Done, and only cut myself once (the plastic of them centre console has sharp edges!). 20 quid mp3 player with 128 GB sd card in to hold whole library of music in car, nothing seen. I took a short video with sound but I'm not able to upload video files unfortunately. So, I'll have to describe! With rather puny speakers (40watt peak, two of), the sound is a little better than a std car stereo, but would be significantly better with larger speakers, I have to limit the volume significantly. Would I recommend the amplifier, definitely.
 
Just done this upgrade to my car. Twin coil stereo speaker, 6” from autosound in Bradford, fitted in place of the original rear shelf speaker. Removed the front rear fader from the centre console and used the original whole to mount the Bluetooth amplifier. Removed the Radiomobile 1080 radio and the front speaker while I had the console apart. Had a Rover radio blanking cover to fit on the centre console so all very neat and factory looking.

Absolutely delighted with the sound quality, excellent bass, probably from the speaker being in the void above the petrol tank, no need to drill any holes, speaker fitted using the original fixing holes in the rear shelf. Excellent stereo from the speaker and I’ve bought 2 more speakers for my other cars.

very discreet and all can be seen is the small silver control knob on the side of the console.

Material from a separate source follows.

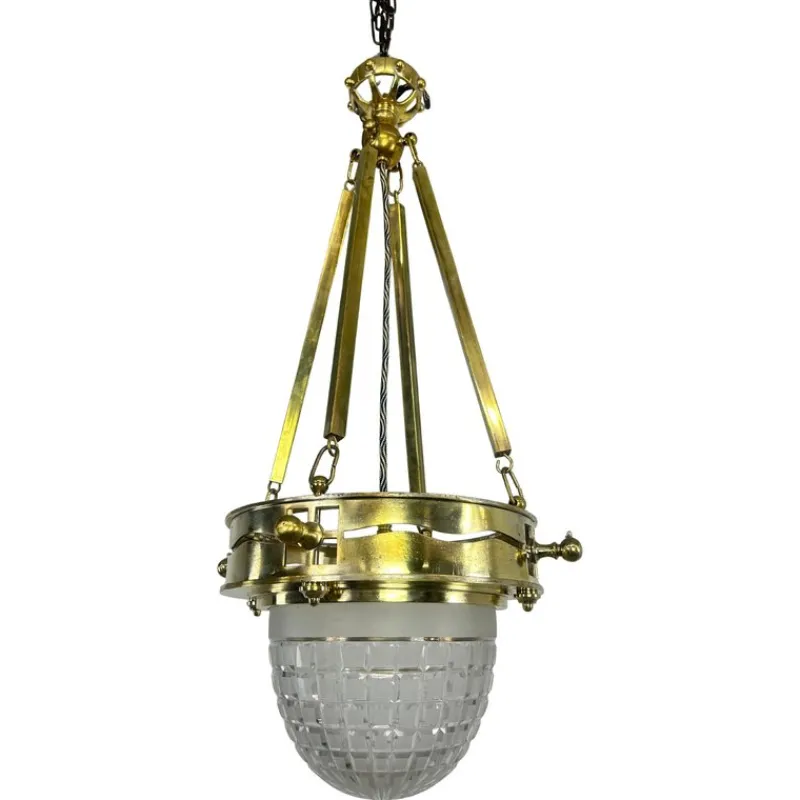 Pamono Vienna Secession Brass Hanging Pot by Kolo Moser & Jutta Sika, 1890s> Vases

Used the original radio 12v feed with a 5amp in-line fuse and that’s that.

Highly recommend.
 
Think on this idea. Another car I had was fitted with a hot point in the engine bay that was covered with a screw on plastic cap to avoid accidental shorts. The connection would accept 6mm ring fittings. It was also connected to the alternator output. When I started fitting relays to the headlights (fuse board starting to melt ) I fitted such a point, fed by a heavy lead connected to the light switch input, and protected by a 40A resettable breaker. It could also be supplied from the through bolt on the drivers floor, as Peter did. I find it very handy for items needing full time 12v in the engine bay.
 
Amplifier power output is a much abused term, and there have been wildly exaggerated claims from all sorts of amplifiers in the past. Information on the manufacturers web site is vague, and device is smaller than one would expect
With only a 12 volt power supply, delivering 120 W or even more as an option offers, would need some pretty high audio currents through the speaker wires, and possibly more heat dissipated by the amp than its size could cope with.
I would only caution that this level of power should be installed and checked by a car audio professional; also he might be able o say more than I dare on a public web-site.
I do not want to say any more on a public site.
 
120 Watts audio will require aspeaker the size of yur spare wheel, and the result in a P6 cabin would be disorientating and painfully deafening, and dangerous as the driver would not be able to hear ay external traffic warning sounds.
Electronically, controlling 120 W will generate a lot of heat and need substantial heatsinks. Heavy duty wires to the speakers and good connections all round.
A domestic TV at full volume might put out 1-2 Watts; do you really need more than 5 times this sound??
 
Hi Robin, i agree, can't be done with music that drowns everything out by being so loud. Regardless of the car I'm driving or the music system it's never very loud with me. I think the ratings of car stereo are likely exaggerated, and regardless, that's the max output, unlikely to be there on the dial in normal use, a bit like the max speed on the speedometer, it's there in black and white, but never reached, and even the thought is terrifying!
 
Max rating is like horsepower for engines. You don’t drive a car at full load all the time, but you want enough to make it comfortable in its normal range. Unless you drive a Corsa.